Let’s begin by looking at the benefits of blogging in more detail.
A well-run blog should play a key part in your marketing strategy (not to mention the fact that if you want to invest in content marketing, it’s pretty much a prerequisite).
Benefits to blogging as a business include (but aren’t limited to):
Let’s break this down.
Increased brand awareness – Great blog content will get shared around and increase the number of consumers who are exposed to your brand.
Increased organic search traffic – Well-written and useful content can rank in the search results and drive organic (i.e. free) traffic to your site.
More brand authority – Write in a manner that showcases your knowledge, and consumers will come to know you (and your brand) as an authority in your industry.
More leads – Blog content that targets consumers towards the beginning and the middle of the sales funnel can bring targeted traffic to your site and turn them into leads.
More conversions – In a similar manner, you can also craft content that will help turn those leads into sales.
Links – Links are the beating heart of the web and are one of the biggest factors Google uses to determine how visible a site is in its search results.

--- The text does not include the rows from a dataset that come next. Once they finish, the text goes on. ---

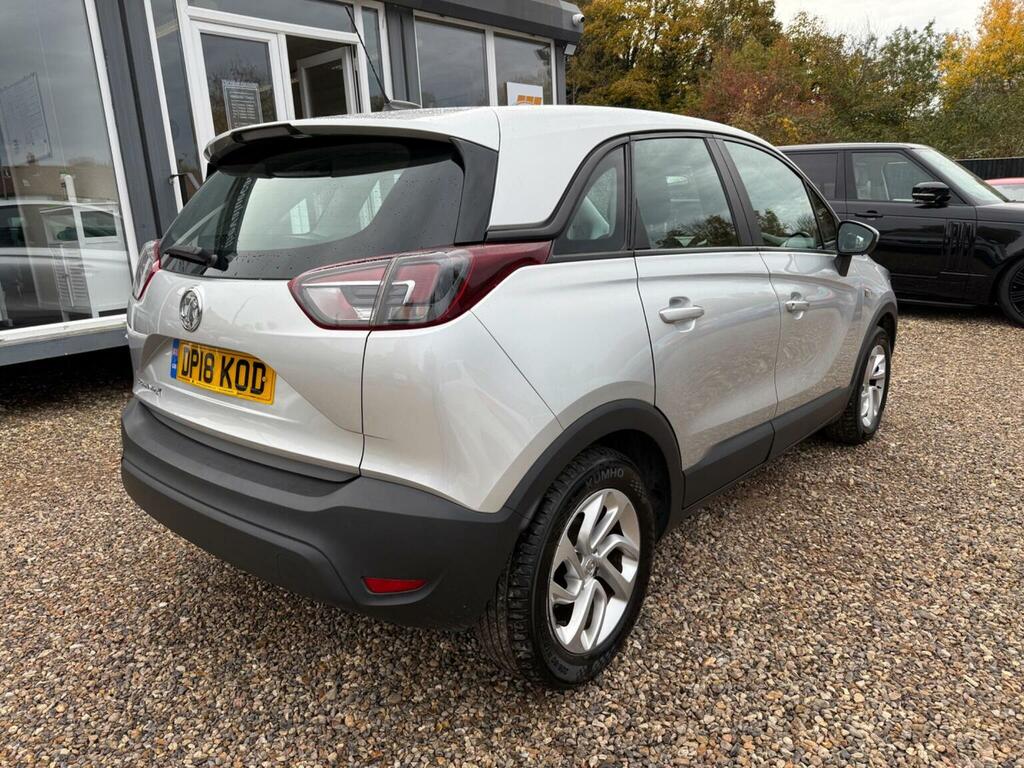 Vauxhall Crossland X Suv 1.2 Se Euro 6 201818 DP18KOD Silver #3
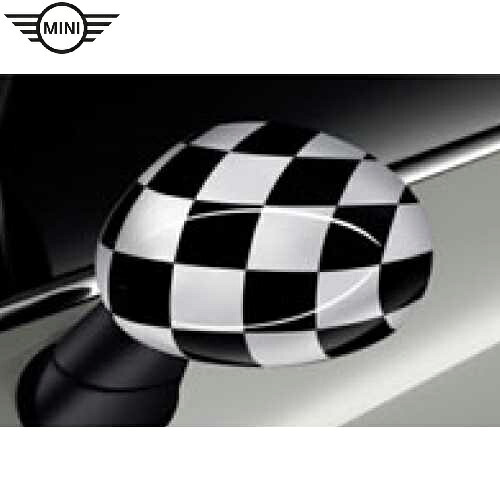 MINI純正 ミラー・カバー CHEQUERED FLAG BLACK(チェッカーフラッグ ブラック)（F54/F55/F56/F57/F60）（～2019.06）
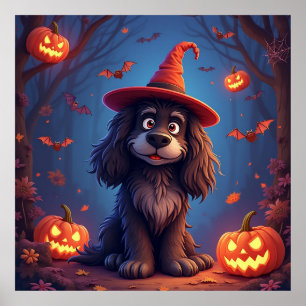 🎃 Funny Halloween Dog Spooky Cartoon Home Decor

You’ll need them if you want to rank organically.
Best of all, these benefits will generally stick with you for the long haul. Content that performs well initially tends to continue to perform well over time. Content that doesn’t perform well right away can often gain traction down the line.
Take Hubspot, for instance. The site sees a significantly higher number of leads generated via its old blog posts than its new ones.
“Let’s say you sit down for an hour and write and publish a blog post today. Let’s say that blog post gets you 100 views and 10 leads. You get another 50 views and 5 leads tomorrow as a few more people find it on social media and some of your subscribers get caught up on their email and RSS. But after a couple days, most of the fanfare from that post dies down and you’ve netted 150 views and 15 leads.
It’s not done.
That blog post is now ranking in search engines. That means for days, weeks, months, and years to come, you can continue to get traffic and leads from that blog post. So while it may feel like day one or bust, in reality, blogging acts more like this:
So while you’re hitting your snooze alarm, surfing in Hawaii, and pumping iron, you’re also driving traffic and leads. The effort you put in yesterday can turn into hundreds of thousands of views and leads in the future.” – Corey Eridon for HubSpot
There are many reasons you might want to run a “personal” blog.
It might be that you want to build your personal brand, perhaps to make a move to freelancing or to make yourself more attractive to prospective employers.
It could be that you have a passion you want to share. Maybe you want to go one step further and use a blog to build yourself up as an authority on that passion, so you can monetize your expertise by working as an influencer.
“Having a high Klout score or a big following does not make you an influencer. Popularity is NOT influence. It takes a lot more work to become a true influencer.
True influencers would never call themselves “influencers” because they are too busy adding value to others’ lives. They use their powers for good, not personal gain. These are the only ‘influencers’ we need to know.” – Cammi Pham, for her blog
Maybe you want to make money as an affiliate marketer.
Perhaps you want to go back to basics and use a blog to share stories with your friends and family. Maybe you just want to use your blog as a 21st-century diary (it’s easy to make them private, if that’s what you’re after).
My own blog, sujanpatel.com, is part personal, part business.
It exists to build my personal brand, but my personal brand is my business (or one of them, at least). The blog has been instrumental to the growth of the “Sujan brand.”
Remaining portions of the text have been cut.